Sameer Gupta: So Vedant, it still is a perplexing thing that middle, the growth needs to come back. Where exactly is this growth going right now? Wedding -- if you are saying that middle section, the weddings itself are happening lesser now, which doesn't seem logical, but it may be happening. But otherwise, they're still buying merchandise from somewhere, right?
Vedant Modi: No, no, absolutely. I am not at all mentioning that middle, the weddings are happening less. That's not at all what I'm saying. I was just mentioning about how our product strategy is trending out over the last quarter or so. But yes, like I was mentioning, even from our company's perspective, what we saw is, let's say, in the last 2 quarters, if we take all our regions but exclude AP, Telangana, then we have seen decent traction in both the quarters combined in all the other regions. The major pain that we sort of felt has been in these 2 regions.

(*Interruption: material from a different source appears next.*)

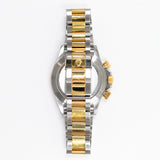 Rolex Daytona 16523 "Zenith Movement" White Dial Apr 2000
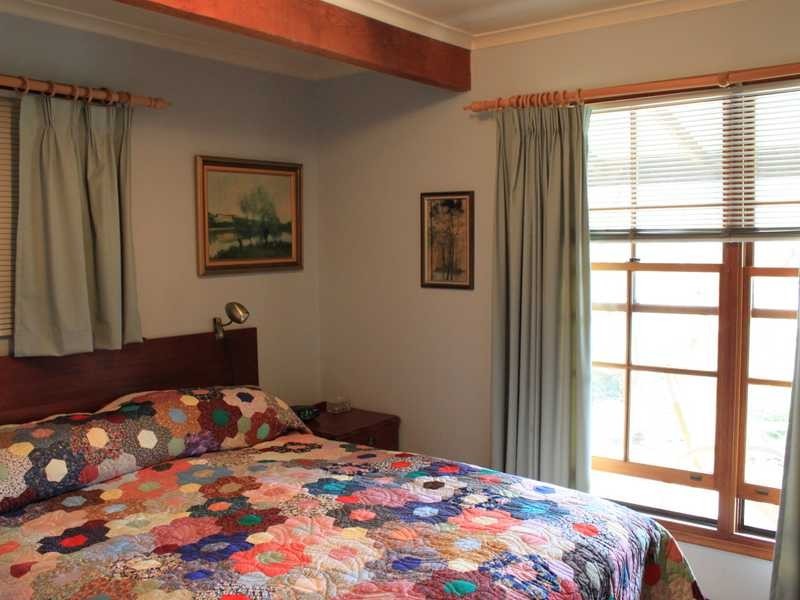 108 Winton Street, Tumbarumba NSW 2653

Sameer Gupta: Got it. I get this. So second question, and you have talked about this, on the retail area growth. I understand right now, rental inflation actually has been called out by a lot of companies. But let's say, you have guided on a medium-term average of around 15% in retail area growth or mid-teens, do you like still see this happening, let's say, over a medium term despite rental inflation right now? Would you be comfortable in saying that?
Vedant Modi: Very difficult to answer for the next 1 to 2 years. But typically, what happens and what we have seen over the last 2 decades is the moment this slowness starts again in terms of the retail rental numbers, then we again become very aggressive. So the endeavour is to come back at those numbers, but it also depends on how the rental numbers will move in the next couple of quarters. So once we see those numbers coming down, that's when we will want to be aggressive again in our approach.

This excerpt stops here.